INFORMATION PROVIDED below:
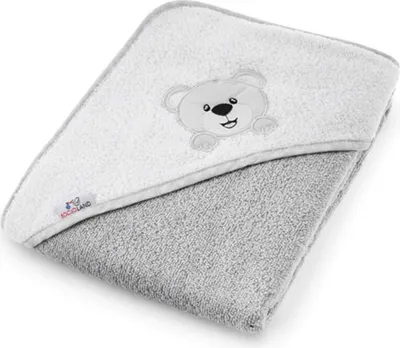 Obrázek produktu pro Osuška s kapucí BocioLand - Medvídek 100 x 100 cm, šedá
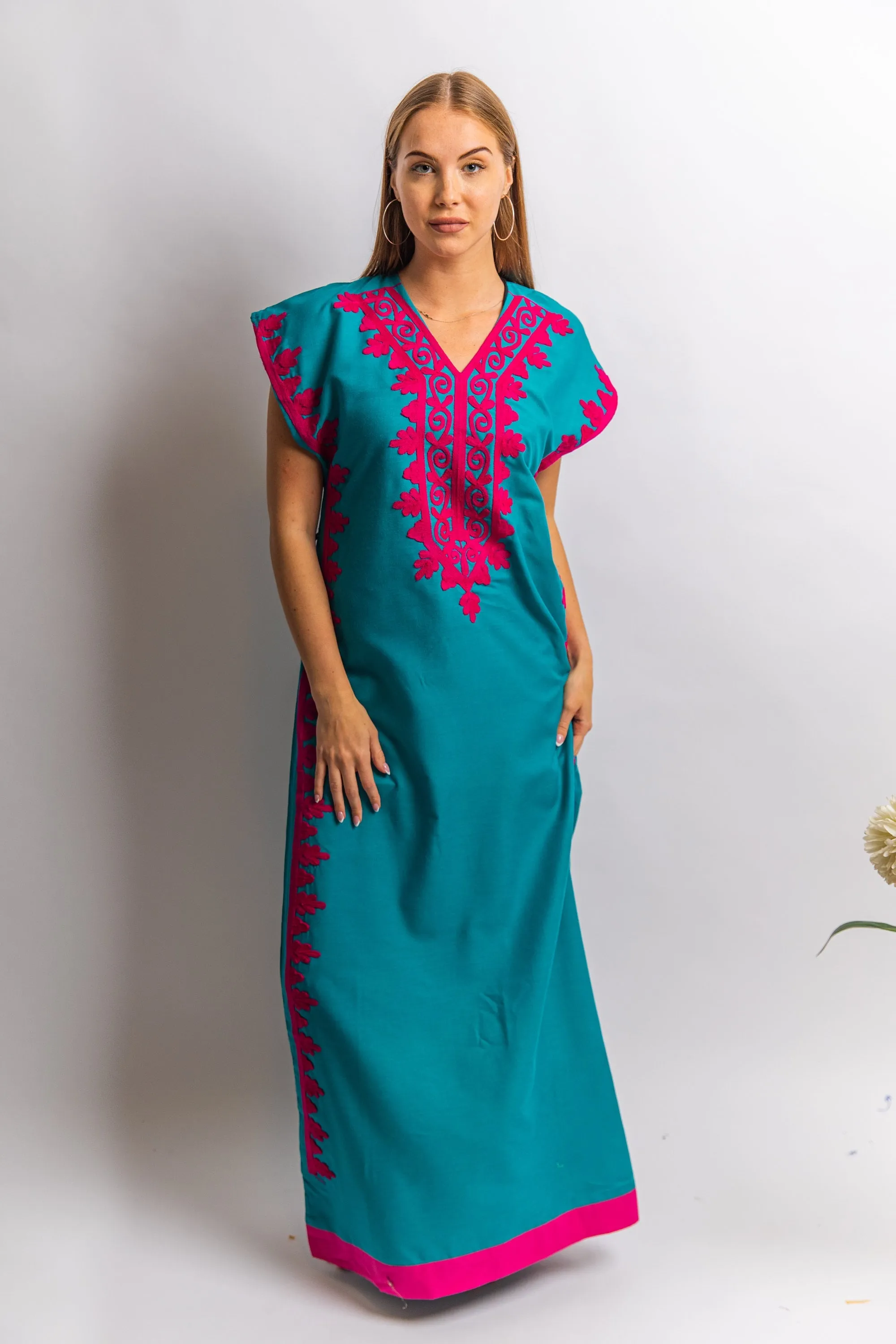 Elegant teal green evening maxi dress, Bohemian Kaftan. Summer night out, Elegant evening gown, classy dinner Kaftan,  Egyptian cotton.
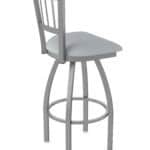 30-Inch Stainless Steel Swivel Bar Stool with Breeze Sidewalk 2.5-Inch Cushion Seat, Jailhouse Back, and Single-Ring Base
End of INFORMATION PROVIDED.
-- EXERCISE PROMPT --
Set down, in exact form, only the lines that start at the one containing "Elegant teal green" and finish at the last line of the material; pictures do not go in.

-- ANSWER FOR THIS EXERCISE --
 Elegant teal green evening maxi dress, Bohemian Kaftan. Summer night out, Elegant evening gown, classy dinner Kaftan,  Egyptian cotton.
 30-Inch Stainless Steel Swivel Bar Stool with Breeze Sidewalk 2.5-Inch Cushion Seat, Jailhouse Back, and Single-Ring Base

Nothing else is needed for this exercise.